How to support your child’s curiosity
- Show an interest in the world around us – watch the news together and discuss current events.
- Answer your child’s questions as best you can. If you do not know the answer, try and look it up together.
- Ask your child open ended questions, e.g. “What would happen if?”
- Encourage children to ask quality questions (“why?”, “what if?”, and “how?”). These kinds of questions help children solve everyday problems and unlock their imaginations.
- Allow your child to do their own homework. Nothing kills curiosity more than showing your child you can do their homework better than they can!
- Notice when your child feels bewildered or confused. Invite your child to see their confusion as a mystery, waiting to be solved. Rather than give your own interpretation of answers, help them seek their own answers through quality questions.
- Work together. Create opportunities for your family to work together on projects. Whether you do community service, art projects, science experiments, or a project in your garden, curiosity is contagious in families working toward a real-world common goal. Listen carefully to questions your children ask and encourage them to discover their own answers.

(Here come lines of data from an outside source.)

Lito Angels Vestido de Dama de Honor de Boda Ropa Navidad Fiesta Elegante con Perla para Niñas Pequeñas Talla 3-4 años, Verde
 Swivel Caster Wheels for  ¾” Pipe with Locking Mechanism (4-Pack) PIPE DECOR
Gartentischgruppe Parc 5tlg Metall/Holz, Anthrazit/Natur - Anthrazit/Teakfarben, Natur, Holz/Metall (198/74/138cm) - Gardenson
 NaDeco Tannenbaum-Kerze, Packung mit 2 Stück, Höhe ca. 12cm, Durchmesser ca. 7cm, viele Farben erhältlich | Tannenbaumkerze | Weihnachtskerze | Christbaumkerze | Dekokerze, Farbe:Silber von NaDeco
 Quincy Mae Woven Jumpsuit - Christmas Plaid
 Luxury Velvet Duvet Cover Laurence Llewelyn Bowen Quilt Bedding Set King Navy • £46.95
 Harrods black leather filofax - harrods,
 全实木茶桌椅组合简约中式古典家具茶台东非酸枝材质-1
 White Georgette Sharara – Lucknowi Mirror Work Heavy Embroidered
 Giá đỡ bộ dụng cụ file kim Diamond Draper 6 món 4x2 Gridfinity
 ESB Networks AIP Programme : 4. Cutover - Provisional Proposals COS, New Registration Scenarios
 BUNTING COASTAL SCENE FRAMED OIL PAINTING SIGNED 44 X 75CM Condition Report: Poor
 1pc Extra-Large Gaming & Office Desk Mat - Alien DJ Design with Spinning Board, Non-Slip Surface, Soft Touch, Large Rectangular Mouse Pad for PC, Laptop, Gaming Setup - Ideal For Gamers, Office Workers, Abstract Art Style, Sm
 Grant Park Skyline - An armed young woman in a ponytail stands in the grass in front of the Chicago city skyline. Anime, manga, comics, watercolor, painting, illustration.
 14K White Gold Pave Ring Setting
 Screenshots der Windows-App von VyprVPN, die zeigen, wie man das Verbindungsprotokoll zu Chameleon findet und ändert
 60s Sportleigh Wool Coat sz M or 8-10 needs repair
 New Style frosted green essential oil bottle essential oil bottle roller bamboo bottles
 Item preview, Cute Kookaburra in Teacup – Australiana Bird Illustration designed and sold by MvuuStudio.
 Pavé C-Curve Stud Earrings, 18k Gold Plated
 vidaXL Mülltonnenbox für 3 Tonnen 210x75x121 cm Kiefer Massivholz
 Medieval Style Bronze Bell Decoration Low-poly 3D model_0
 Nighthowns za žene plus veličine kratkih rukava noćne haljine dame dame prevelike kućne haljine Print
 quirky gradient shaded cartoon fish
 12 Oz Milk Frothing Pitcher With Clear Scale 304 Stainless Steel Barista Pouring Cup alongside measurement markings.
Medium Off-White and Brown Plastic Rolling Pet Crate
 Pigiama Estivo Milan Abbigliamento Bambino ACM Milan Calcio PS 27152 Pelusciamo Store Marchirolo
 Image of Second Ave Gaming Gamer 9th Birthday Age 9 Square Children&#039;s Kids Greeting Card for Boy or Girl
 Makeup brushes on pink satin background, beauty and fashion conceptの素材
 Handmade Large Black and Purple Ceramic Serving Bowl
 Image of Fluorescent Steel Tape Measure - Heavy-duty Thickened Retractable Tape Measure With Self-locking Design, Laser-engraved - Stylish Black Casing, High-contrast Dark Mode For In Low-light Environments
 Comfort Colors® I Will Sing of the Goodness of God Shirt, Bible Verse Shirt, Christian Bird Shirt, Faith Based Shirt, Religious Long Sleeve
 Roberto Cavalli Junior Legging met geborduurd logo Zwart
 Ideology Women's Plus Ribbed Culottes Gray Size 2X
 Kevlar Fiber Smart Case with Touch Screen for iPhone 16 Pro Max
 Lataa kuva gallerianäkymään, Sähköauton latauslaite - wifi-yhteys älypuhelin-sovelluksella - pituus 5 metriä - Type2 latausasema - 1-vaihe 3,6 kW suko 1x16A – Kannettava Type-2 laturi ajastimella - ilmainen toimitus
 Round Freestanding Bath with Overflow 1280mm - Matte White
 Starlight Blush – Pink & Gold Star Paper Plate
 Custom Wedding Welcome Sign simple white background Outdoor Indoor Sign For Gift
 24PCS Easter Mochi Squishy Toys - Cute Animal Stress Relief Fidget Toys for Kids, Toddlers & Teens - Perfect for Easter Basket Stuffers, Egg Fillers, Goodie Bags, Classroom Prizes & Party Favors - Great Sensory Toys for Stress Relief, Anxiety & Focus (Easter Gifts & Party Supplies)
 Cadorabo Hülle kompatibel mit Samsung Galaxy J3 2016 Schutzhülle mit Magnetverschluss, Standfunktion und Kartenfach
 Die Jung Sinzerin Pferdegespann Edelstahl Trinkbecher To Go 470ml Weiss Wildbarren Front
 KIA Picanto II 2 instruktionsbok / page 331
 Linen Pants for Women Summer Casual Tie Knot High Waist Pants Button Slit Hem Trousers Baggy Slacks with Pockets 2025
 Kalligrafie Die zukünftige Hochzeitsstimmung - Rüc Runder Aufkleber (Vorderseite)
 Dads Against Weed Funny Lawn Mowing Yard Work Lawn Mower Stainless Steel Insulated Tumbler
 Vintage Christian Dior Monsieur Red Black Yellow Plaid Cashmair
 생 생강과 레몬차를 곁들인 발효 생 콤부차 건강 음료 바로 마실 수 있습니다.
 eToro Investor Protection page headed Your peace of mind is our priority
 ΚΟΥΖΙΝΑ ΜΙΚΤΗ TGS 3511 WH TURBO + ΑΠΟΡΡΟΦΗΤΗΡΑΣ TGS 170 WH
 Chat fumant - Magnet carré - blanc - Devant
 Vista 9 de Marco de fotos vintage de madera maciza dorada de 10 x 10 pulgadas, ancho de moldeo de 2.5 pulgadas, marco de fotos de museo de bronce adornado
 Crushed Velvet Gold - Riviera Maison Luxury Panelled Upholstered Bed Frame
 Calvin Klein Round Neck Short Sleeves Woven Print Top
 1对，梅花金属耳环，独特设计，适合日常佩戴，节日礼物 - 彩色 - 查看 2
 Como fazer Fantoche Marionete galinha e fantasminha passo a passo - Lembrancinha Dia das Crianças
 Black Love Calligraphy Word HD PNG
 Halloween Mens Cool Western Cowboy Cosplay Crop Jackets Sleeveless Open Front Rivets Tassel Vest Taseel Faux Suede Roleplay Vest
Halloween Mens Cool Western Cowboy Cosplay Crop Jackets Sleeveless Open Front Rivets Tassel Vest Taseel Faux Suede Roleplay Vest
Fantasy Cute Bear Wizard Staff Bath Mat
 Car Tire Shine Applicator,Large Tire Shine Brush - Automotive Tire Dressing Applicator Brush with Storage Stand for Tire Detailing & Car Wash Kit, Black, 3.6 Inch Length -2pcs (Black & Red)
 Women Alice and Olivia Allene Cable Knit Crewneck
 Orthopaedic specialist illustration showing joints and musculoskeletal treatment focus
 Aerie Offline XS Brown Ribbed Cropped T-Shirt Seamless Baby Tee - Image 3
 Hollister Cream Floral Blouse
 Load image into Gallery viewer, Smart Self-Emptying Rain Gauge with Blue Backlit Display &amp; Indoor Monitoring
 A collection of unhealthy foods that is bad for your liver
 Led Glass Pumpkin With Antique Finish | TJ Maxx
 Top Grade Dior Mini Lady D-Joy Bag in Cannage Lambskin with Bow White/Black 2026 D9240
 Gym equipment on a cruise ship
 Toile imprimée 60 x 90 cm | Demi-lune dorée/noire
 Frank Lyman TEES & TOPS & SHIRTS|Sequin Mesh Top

- Teach your child to be a sceptic, i.e. encourage your child to inquire or to look around.
- Explore your cultural heritage. Most children are interested in what makes their culture uniquely different from someone else’s.
- Model intellectual curiosity. Discuss what are you most curious about with your child
- Engage in your child’s curiosity no matter how tiring their seemingly endless stream of questions can be. Asking questions is a helpful exercise for a child’s development because it means they realise that there are things they do not know.